──────── INFORMATION PROVIDED ────────

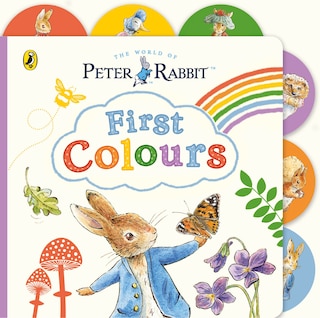 Front cover_Peter Rabbit: First Colours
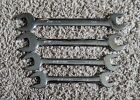 Armstrong Made In The Usa 23mm To 16mm Open End Metric Wrench Set Of 4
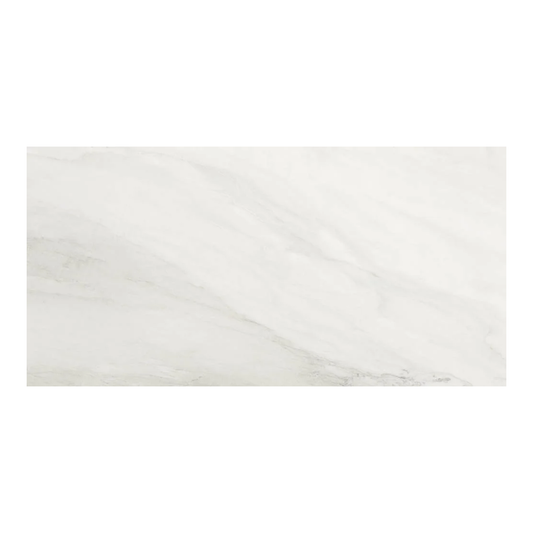 AU Bianco Delicatto Porcelain Tile 60cm x 120cm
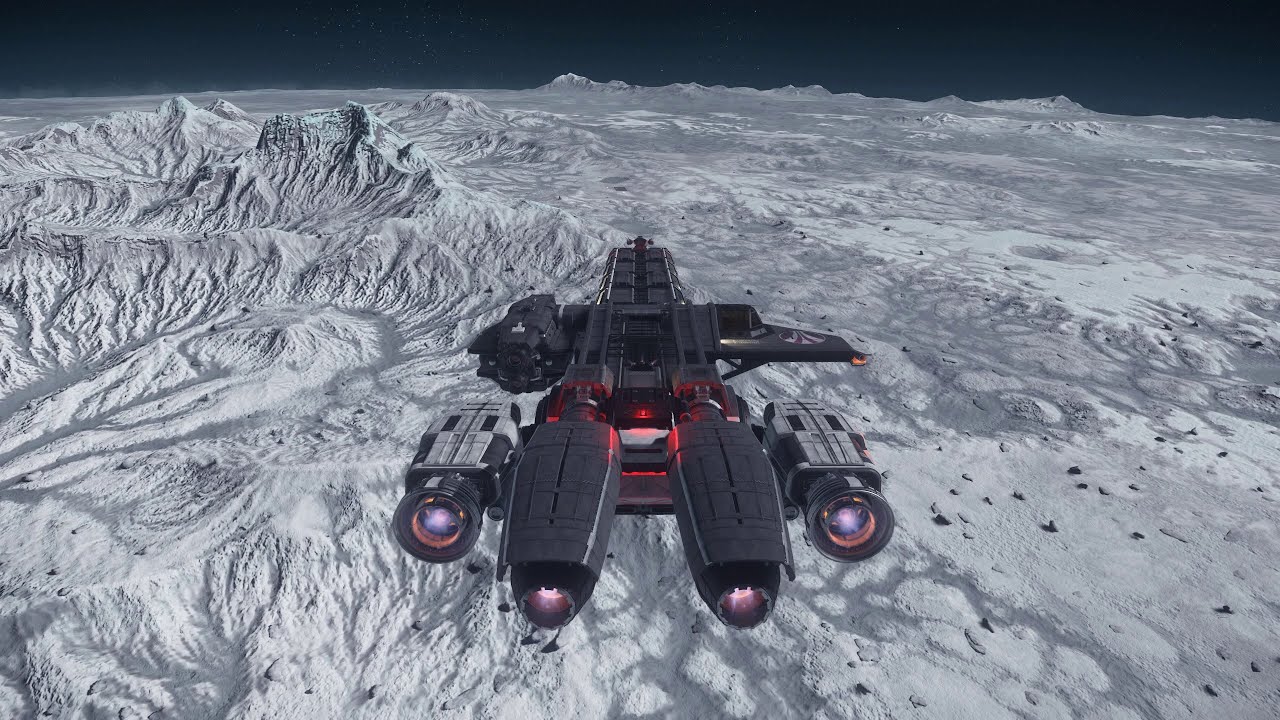 Star Citizen PTU (3.8.2) - Earn Money - A Caterpillar full with Laranite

────────

EXERCISE OBJECTIVE
Going from the line that holds "AU Bianco Delicatto" to the end of the listing above, copy each line exactly and nothing more, leaving pictures aside.

RESPONSE BOX
 AU Bianco Delicatto Porcelain Tile 60cm x 120cm
 Star Citizen PTU (3.8.2) - Earn Money - A Caterpillar full with Laranite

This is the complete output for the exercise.